= The American West of John Ford =

The American West of John Ford is a 1971 television special documentary, directed by Denis Sanders, about movie director John Ford's career narrated by John Wayne, James Stewart, and Henry Fonda. Footage of Wayne, Stewart, and Fonda talking with the aging Ford are interspersed with an array of clips from Ford's films spanning more than five decades, including The Man Who Shot Liberty Valance, The Searchers, and Stagecoach, each of which is dealt with at some length.

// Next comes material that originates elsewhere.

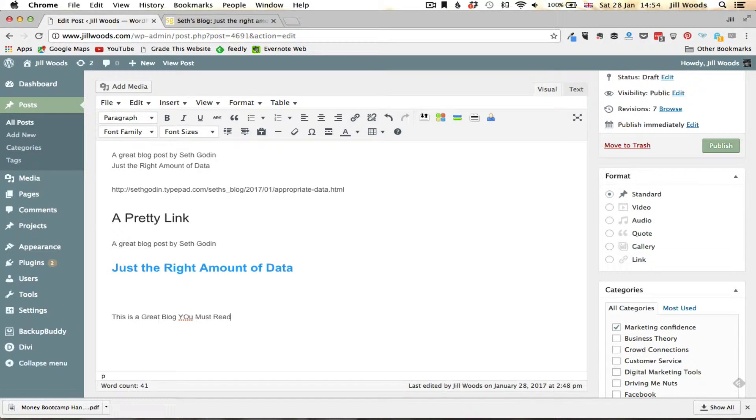So I'm going to put capital O when I'm typing U for some reason. Okay so this is a great blog you must read.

==Claim about the influence of Wyatt Earp on Ford's Western films==
The section on My Darling Clementine features Fonda and Stewart, both of whom played Wyatt Earp in Ford films, interviewing Ford about the director's claim that Earp himself had explained the strategy and chronology of the gunfight at the O.K. Corral to Ford and Harry Carey, complete with a sketched diagram, decades before Ford filmed a version of the melee with Fonda as Earp. Stewart's memorable poker scene as Earp in Cheyenne Autumn, which had nothing to do with the rest of the movie and has frequently been cut by exhibitors and television stations, is also discussed and illustrated with a clip.

==Broadcast history==
The hour long special was telecast on December 5, 1971 over the CBS television network. The show sometimes appears on Hulu under the title The Great American West of John Ford. The documentary also briefly features a whip-cracking Andy Devine during a comedic sequence with Wayne and Ford filmed in Monument Valley.

==Production==
Parts of the special were filmed in Monument Valley in Utah.